**Extracted data**.
══════════
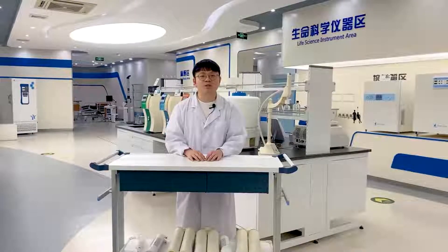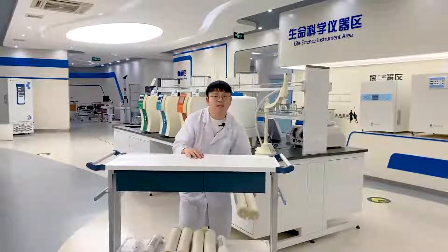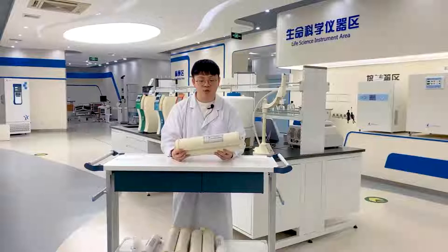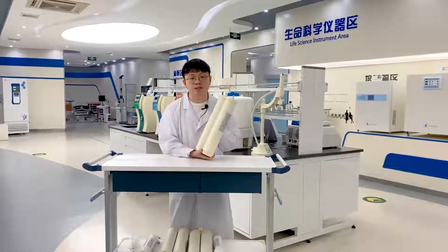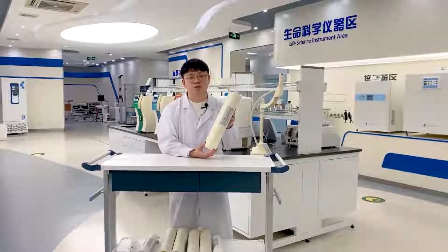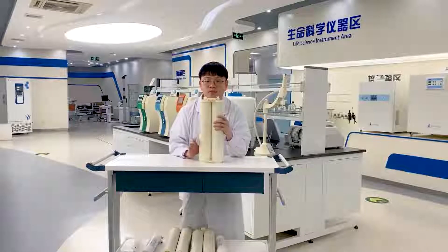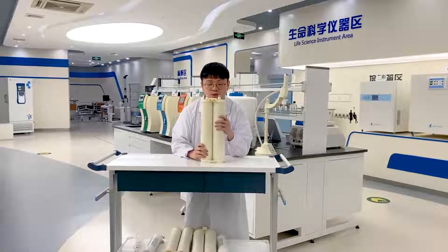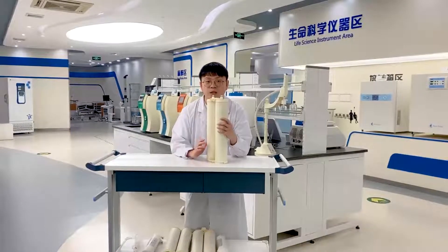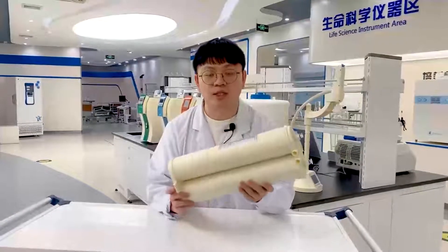Now we will introduce our consumables and the process to purify the water. We have a pre-treatment cartridge with PP cotton and active carbon to protect the RO module and reduce large particulates. If your feed water quality is not very good, we suggest adding an extra pre-treatment cartridge to further protect the RO module.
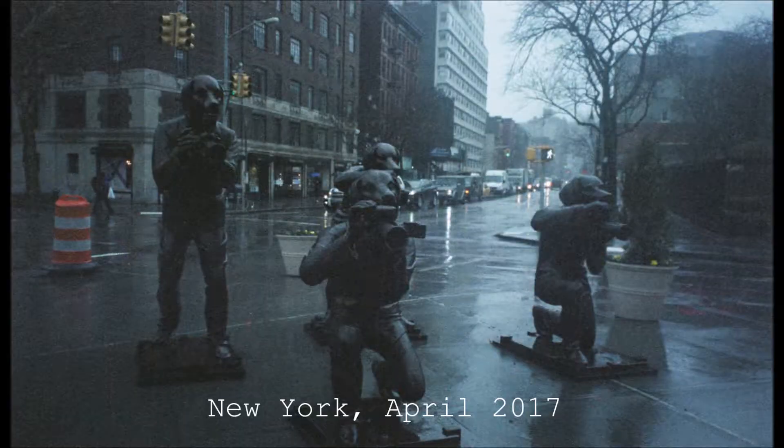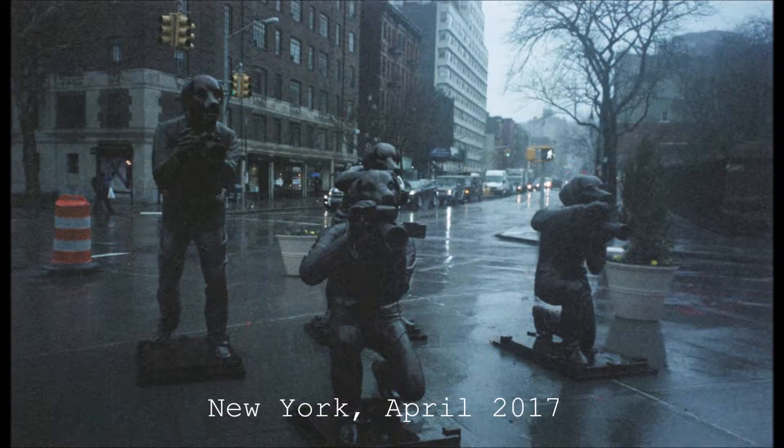One thing to note is that the field of vision is relatively small compared to modern cameras, so you just have to bear that in mind. But what you see when you look through the viewfinder is about 90% of the image that you're going to actually get in the final photograph, so it's pretty reliable in terms of what you see is what you're going to get.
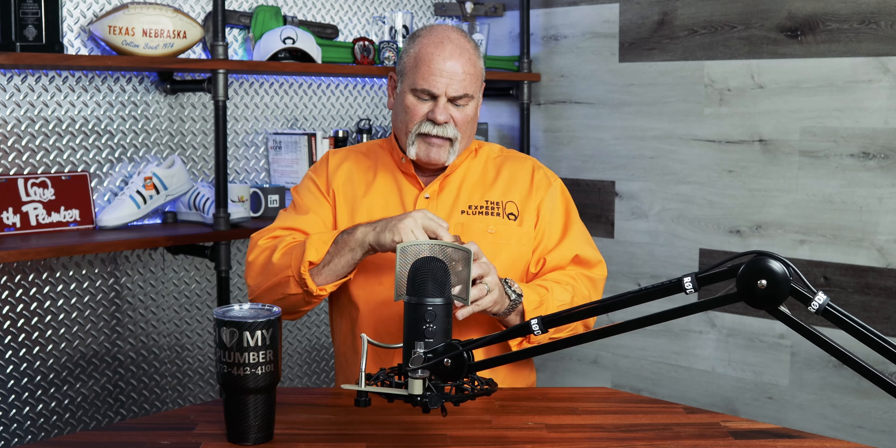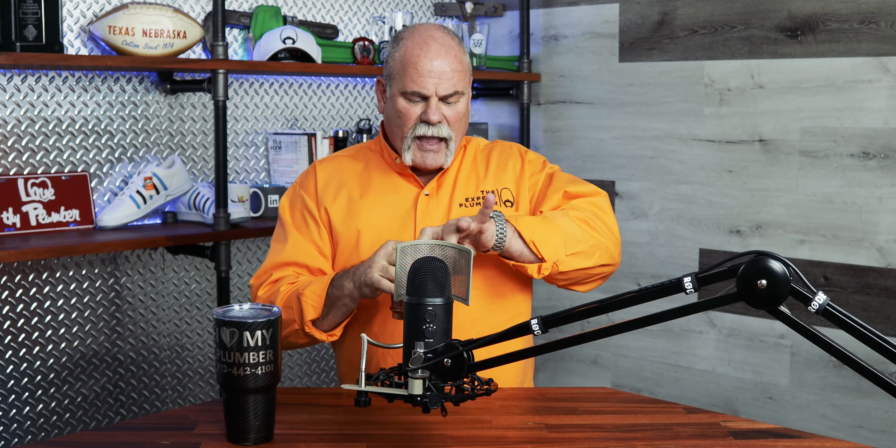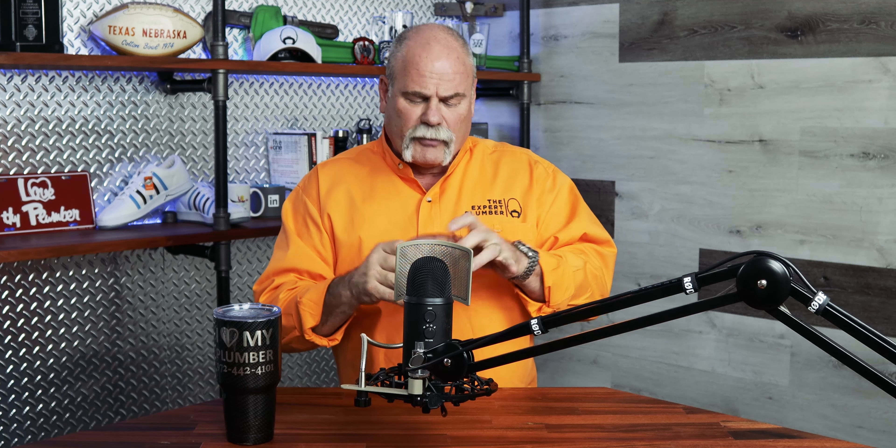ProPress fittings are really neat — they're a lot heavier than you would expect. They've got an EPDM ring inside to seal, and when the jaws clamp down with about 3,000 pounds of pressure, it's not just going to slide off. When you put it together, mark it right where you want it, and crimp it — man, it's there.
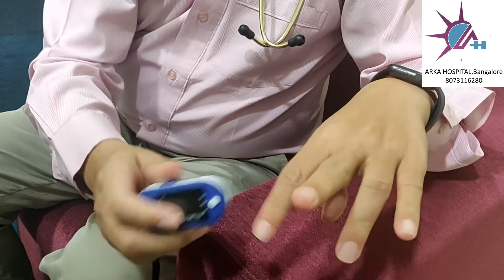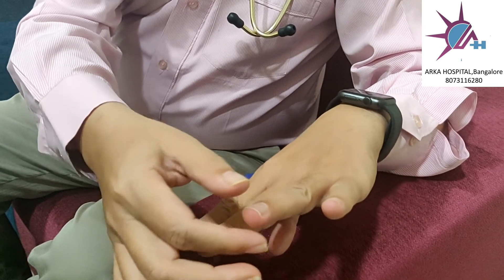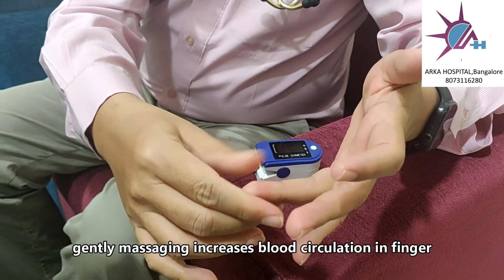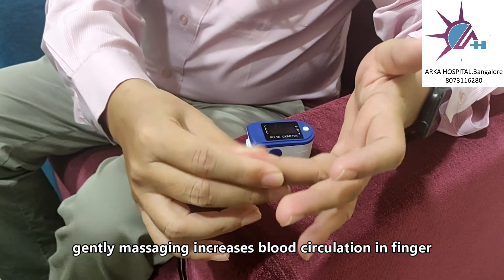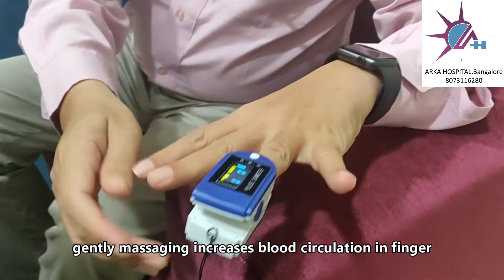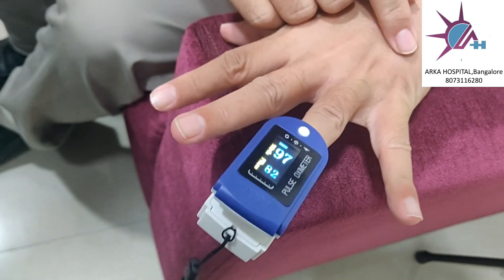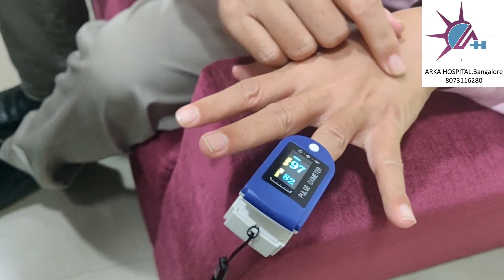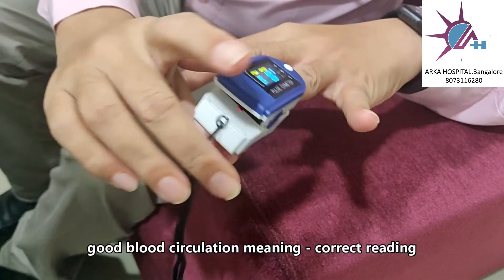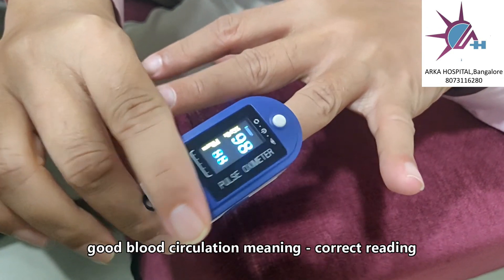Before putting the pulse oximeter on your finger, gently massage the finger. If it is cold, the reading does not come well. When you massage like this and then put the pulse oximeter on your finger, the reading will be much more accurate. Otherwise, if it is cold, blood circulation will be less and your oxygen level may come lower than what it actually is. Thank you.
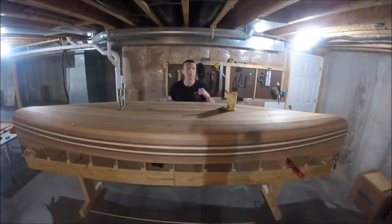Hey everybody, welcome back to Chronic Woodwork. I'm Andy. Today's episode 5 in my series of videos on how to build a cedar strip canoe. Today we are laying all of the cedar strips onto the mold stations. Should be pretty fun. Here we go.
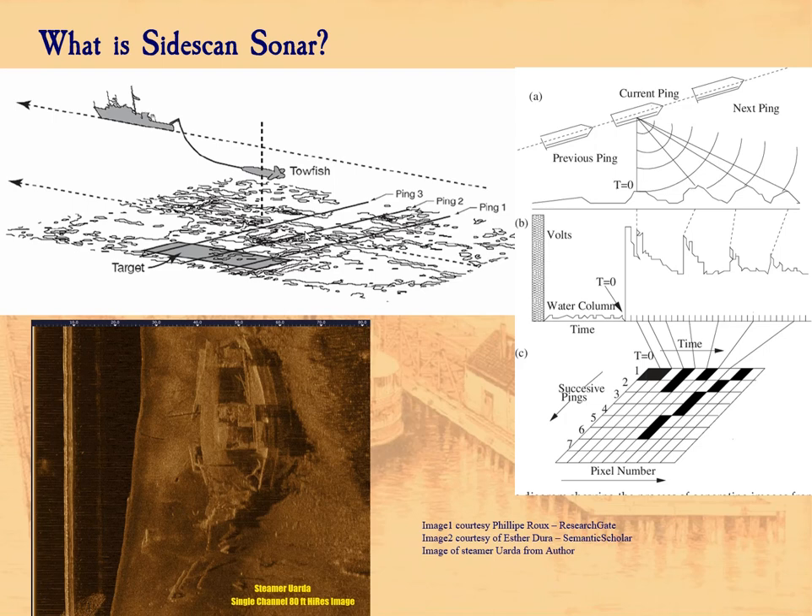A couple of things to mention: when the ping goes out, it travels really fast and comes back really fast. Depending upon how often it pings — how many data points you get — you get a more or less accurate version of the bottom. But the ping rate isn't the only factor. One of the biggest factors in what you see on the bottom is the frequency of the sound waves that are output. How many pings the towfish makes and what frequency it's running at are really important.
══════════
**Task objective**.
With pictures excluded, restate word for word the lines from the one that contains "Before putting the" through the end of the material, inclusive, and nothing more.

**Output of the task**.
Before putting the pulse oximeter on your finger, gently massage the finger. If it is cold, the reading does not come well. When you massage like this and then put the pulse oximeter on your finger, the reading will be much more accurate. Otherwise, if it is cold, blood circulation will be less and your oxygen level may come lower than what it actually is. Thank you.
Hey everybody, welcome back to Chronic Woodwork. I'm Andy. Today's episode 5 in my series of videos on how to build a cedar strip canoe. Today we are laying all of the cedar strips onto the mold stations. Should be pretty fun. Here we go.
A couple of things to mention: when the ping goes out, it travels really fast and comes back really fast. Depending upon how often it pings — how many data points you get — you get a more or less accurate version of the bottom. But the ping rate isn't the only factor. One of the biggest factors in what you see on the bottom is the frequency of the sound waves that are output. How many pings the towfish makes and what frequency it's running at are really important.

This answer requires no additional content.